MongoDB: does document size affect query performance?

Just wanted to share my experience when dealing with large documents in MongoDB... don't do it!

We made the mistake of allowing users to include files encoded in base64 (normally images and screenshots) in documents. We ended up with a collection of ~500k documents ranging from 2 Mb to 10 Mb each.

Doing a simple aggregate in this collection would bring down the cluster!

Aggregate queries can be very heavy in MongoDB, especially with large documents like these. Indexes in aggregates can only be used in some conditions and since we needed to $group, indexes were not being used and MongoDB would have to scan all the documents.

The exact same query in a collection with smaller sized documents was very fast to execute and the resource consumption was not very high.

Hence, querying in MongoDB with large documents can have a big impact in performance, especially aggregates.

Also, if you know that the document will continue to grow after it is created (e.g. like including log events in a given entity (document)) consider creating a collection for these child items because the size can also become a problem in the future.

Bruno.


One way to rephrase the question is to say, does a 1 million document query take longer if documents are 16mb vs 16kb each.

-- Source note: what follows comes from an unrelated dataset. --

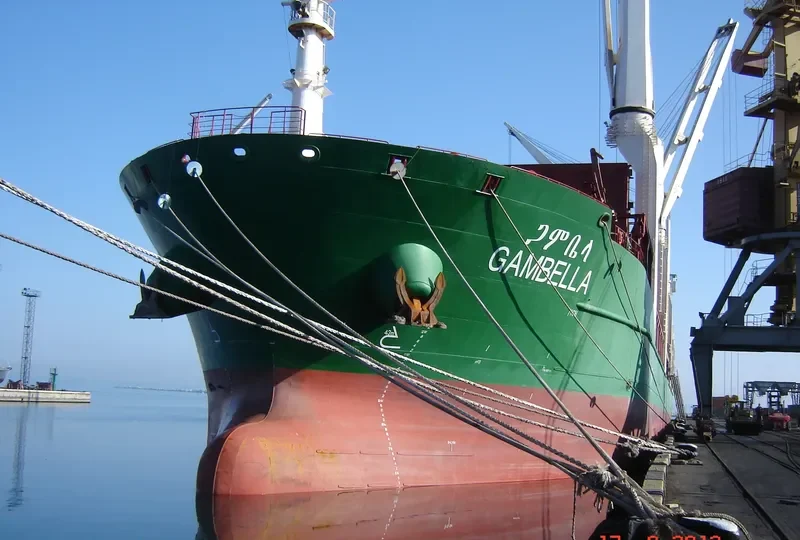 GAMBELLA General Cargo IMO 9617363 photo 8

Correct me if I'm wrong, from my own experience, the smaller the document size, the faster the query.

I've done queries on 500k documents vs 25k documents and the 25k query was noticeably faster - ranging anywhere from a few milliseconds to 1-3 seconds faster. On production the time difference is about 2x-10x more.

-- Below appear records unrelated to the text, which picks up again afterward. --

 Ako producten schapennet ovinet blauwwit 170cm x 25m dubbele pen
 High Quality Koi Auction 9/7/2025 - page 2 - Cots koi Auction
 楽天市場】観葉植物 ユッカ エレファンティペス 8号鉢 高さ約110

The one aspect where document size comes into play is in query sorting, in which case, document size will affect whether the query itself will run or not. I've reached this limit numerous times trying to sort as little as 2k documents.

More references with some solutions here: https://docs.mongodb.org/manual/reference/limits/#operations https://docs.mongodb.org/manual/reference/operator/aggregation/sort/#sort-memory-limit

At the end of the day, its the end user that suffers.

When I attempt to remedy large queries causing unacceptably slow performance. I usually find myself creating a new collection with a subset of data, and using a lot of query conditions along with a sort and a limit.

Hope this helps!


First of all you should spend a little time reading up on how MongoDB stores documents with reference to padding factors and powerof2sizes allocation:

http://docs.mongodb.org/manual/core/storage/ http://docs.mongodb.org/manual/reference/command/collStats/#collStats.paddingFactor

Put simply MongoDB tries to allocate some additional space when storing your original document to allow for growth. Powerof2sizes allocation became the default approach in version 2.6, where it will grow the document size in powers of 2.

Overall, performance will be much better if all updates fit within the original size allocation. The reason is that if they don't, the entire document needs to be moved someplace else with enough space, causing more reads and writes and in effect fragmenting your storage.

If your documents are really going to grow in size by a factor of 10X to 20X overtime that could mean multiple moves per document, which depending on your insert, update and read frequency could cause issues. If that is the case there are a couple of approaches you can consider:

1) Allocate enough space on initial insertion to cover most (let's say 90%) of normal documents lifetime growth. While this will be inefficient in space usage at the beginning, efficiency will increase with time as the documents grow without any performance reduction. In effect you will pay ahead of time for storage that you will eventually use later to get good performance over time.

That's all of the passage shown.